EXERCISE REQUIREMENTS
Everything in the data gets repeated exactly, except for the pictures.

DATASET EXCERPT
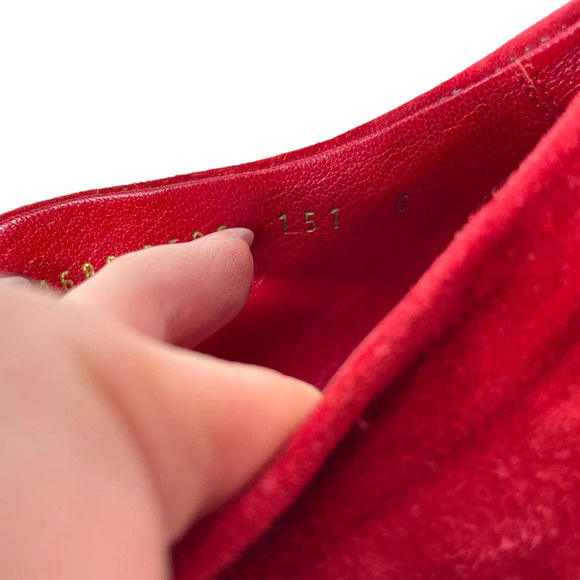 Casadei Red Suede Platform Slip On Ankle Tulip Cut Out Booties Heels Size 6‎ - Picture 10 of 11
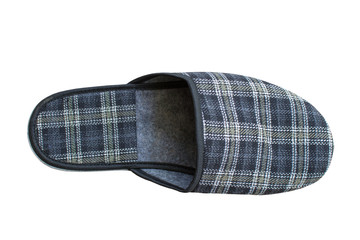gray slippers on top,One male slipper top view on a white background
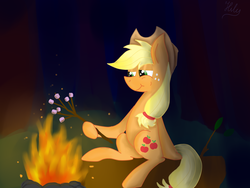 Size: 3264x2448 | Tagged: safe, artist:hilis, applejack, earth pony, pony, g4, female, fire, high res, marshmallow, night, sitting, solo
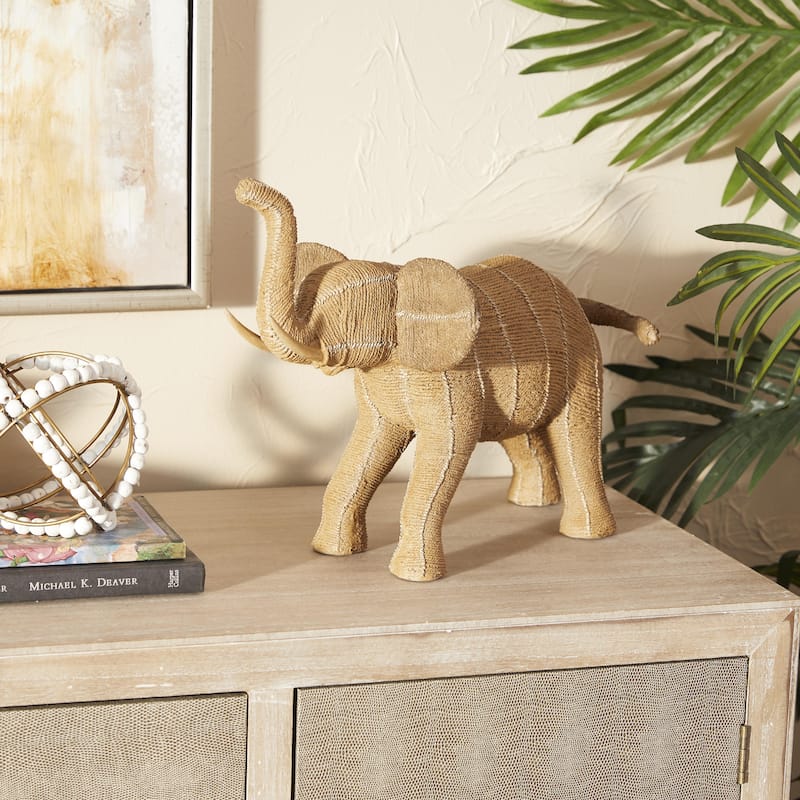 Polystone Elephant Decorative Sculpture - Beige - Roche River Decor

SOLUTION
 Casadei Red Suede Platform Slip On Ankle Tulip Cut Out Booties Heels Size 6‎ - Picture 10 of 11
gray slippers on top,One male slipper top view on a white background
 Size: 3264x2448 | Tagged: safe, artist:hilis, applejack, earth pony, pony, g4, female, fire, high res, marshmallow, night, sitting, solo
 Polystone Elephant Decorative Sculpture - Beige - Roche River Decor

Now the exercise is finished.